A letter from Ingrid Betancourt, the French-Colombian politician held by Colombian rebels, has been released, detailing her life in captivity.
Ms Betancourt says she is physically weakened by her captivity
In the letter, addressed to her mother, Ms Betancourt says her strength has diminished, her appetite has gone, and her hair is falling out.
"Here, we are living like the dead," she writes.
Ms Betancourt, a former presidential candidate, was captured in 2002 by Marxist Farc rebels.
The letter was seized during the arrest of three suspected Farc members in Bogota.
Its publication follows the release of video footage of the hostages, also found during the capture of the Farc rebels.
"Physically I am in bad shape," Ms Betancourt writes in the letter.
"I don't eat anymore, my appetite is blocked, my hair falls out in clumps... I don't have enthusiasm for anything because the only answer for everything here in the jungle is 'No'."
She reveals that she has been able to hear messages from her family and other supporters on a Colombian radio station and asks her son and daughter to send her three messages every week, even though she is not able to respond.
"I don't need anything else, but I need to be in contact with them," she says.

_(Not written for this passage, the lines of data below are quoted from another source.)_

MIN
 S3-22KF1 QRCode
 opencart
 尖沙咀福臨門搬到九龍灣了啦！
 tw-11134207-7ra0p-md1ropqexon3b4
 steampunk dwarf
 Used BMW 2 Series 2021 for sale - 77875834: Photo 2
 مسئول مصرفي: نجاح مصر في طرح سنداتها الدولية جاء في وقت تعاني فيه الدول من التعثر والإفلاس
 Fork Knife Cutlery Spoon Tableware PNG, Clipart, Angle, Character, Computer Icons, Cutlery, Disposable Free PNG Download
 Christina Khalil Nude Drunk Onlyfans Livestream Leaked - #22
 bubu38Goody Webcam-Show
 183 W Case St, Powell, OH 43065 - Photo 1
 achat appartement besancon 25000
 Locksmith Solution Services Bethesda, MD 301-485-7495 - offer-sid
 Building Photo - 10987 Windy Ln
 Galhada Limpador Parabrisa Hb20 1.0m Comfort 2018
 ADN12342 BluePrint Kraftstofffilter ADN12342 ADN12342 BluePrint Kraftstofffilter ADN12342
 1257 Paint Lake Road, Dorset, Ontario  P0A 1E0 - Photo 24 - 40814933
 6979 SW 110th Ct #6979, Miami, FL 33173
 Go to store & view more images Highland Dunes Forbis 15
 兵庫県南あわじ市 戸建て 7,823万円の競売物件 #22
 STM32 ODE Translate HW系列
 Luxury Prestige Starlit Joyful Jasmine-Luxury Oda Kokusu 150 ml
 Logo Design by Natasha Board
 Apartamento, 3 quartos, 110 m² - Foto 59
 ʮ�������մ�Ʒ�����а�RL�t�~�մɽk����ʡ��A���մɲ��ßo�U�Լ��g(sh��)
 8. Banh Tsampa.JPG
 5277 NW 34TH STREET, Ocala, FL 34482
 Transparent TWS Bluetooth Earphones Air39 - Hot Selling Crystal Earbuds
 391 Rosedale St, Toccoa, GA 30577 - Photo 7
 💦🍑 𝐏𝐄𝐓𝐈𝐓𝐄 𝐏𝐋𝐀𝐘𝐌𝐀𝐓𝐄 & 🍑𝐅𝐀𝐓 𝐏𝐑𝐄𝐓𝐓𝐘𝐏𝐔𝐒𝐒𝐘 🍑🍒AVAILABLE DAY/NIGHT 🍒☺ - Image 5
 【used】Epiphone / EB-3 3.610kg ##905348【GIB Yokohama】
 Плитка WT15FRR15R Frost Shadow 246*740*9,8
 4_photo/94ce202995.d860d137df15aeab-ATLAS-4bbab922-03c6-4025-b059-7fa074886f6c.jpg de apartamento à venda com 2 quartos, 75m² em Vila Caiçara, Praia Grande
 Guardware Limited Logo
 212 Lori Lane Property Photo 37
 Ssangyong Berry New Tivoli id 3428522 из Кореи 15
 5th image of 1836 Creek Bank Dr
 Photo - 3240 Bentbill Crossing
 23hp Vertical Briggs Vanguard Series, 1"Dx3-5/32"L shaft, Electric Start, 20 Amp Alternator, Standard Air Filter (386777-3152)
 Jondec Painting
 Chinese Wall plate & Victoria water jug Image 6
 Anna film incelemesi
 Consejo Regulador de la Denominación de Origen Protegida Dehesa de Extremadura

And she describes how her captors have confiscated most of her belongings, leaving her without any mental stimulation.
"For three years, I have been asking for an encyclopaedia to read something, to learn something, to keep alive my intellectual curiosity," she writes.
Farc, which has been fighting the Colombian government for many years, is demanding the creation of a demilitarised zone in the country in return for the release of Ms Betancourt and over 40 other hostages.
A recent attempt by Venezuelan President Hugo Chavez to negotiate with the rebels for the hostages' release ended in controversy, when Colombian President Alvaro Uribe ended Mr Chavez's role, accusing him of breaking protocol by being in direct contact with Colombia's army chief.
Because Ms Betancourt holds French citizenship, French President Nicolas Sarkozy has also been directly involved in attempts to free her and her fellow hostages.
In response to Ms Betancourt's letter, President Sarkozy expressed concern about "the obvious precariousness" of her health and "about her despair".
In her letter, Ms Betancourt referred to her French background, saying: "My heart belongs also to France... When the night is at its darkest, France is a lighthouse."